_What is expected_
With the pictures omitted, print exactly the lines below, from the one containing "Promo Harga Olay" through the one containing "The Big One", and nothing else.

_Recorded data_
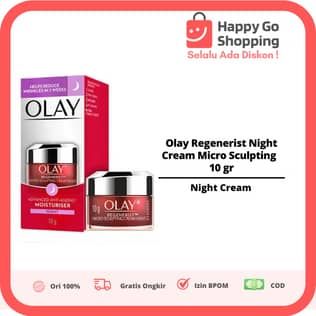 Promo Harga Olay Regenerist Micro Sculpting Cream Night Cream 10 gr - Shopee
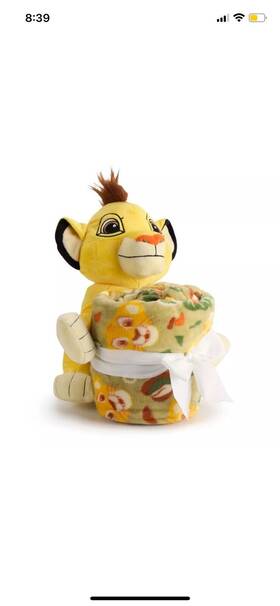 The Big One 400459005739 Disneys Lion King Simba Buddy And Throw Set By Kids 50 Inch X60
---
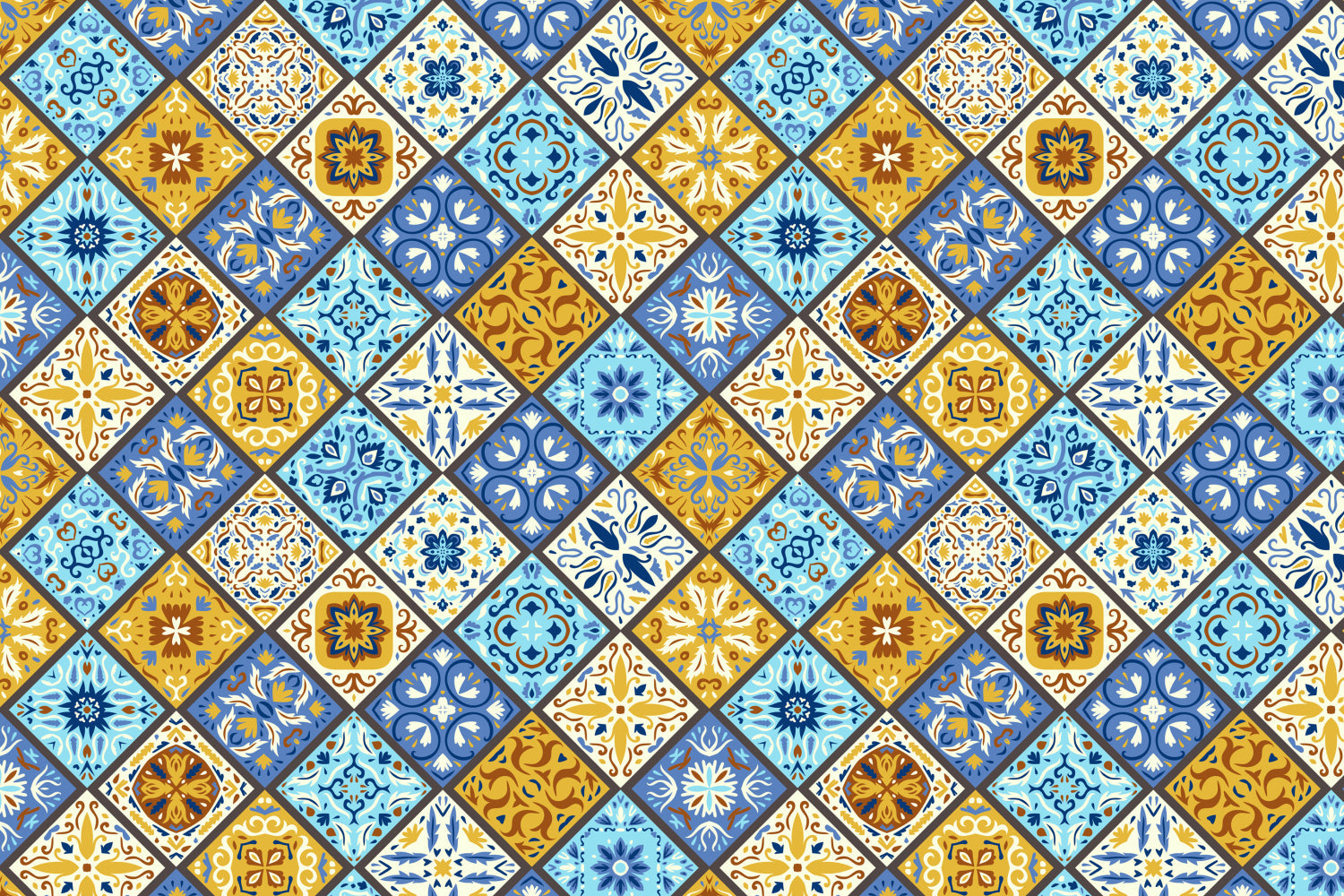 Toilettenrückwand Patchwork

_Answer for the task_
 Promo Harga Olay Regenerist Micro Sculpting Cream Night Cream 10 gr - Shopee
 The Big One 400459005739 Disneys Lion King Simba Buddy And Throw Set By Kids 50 Inch X60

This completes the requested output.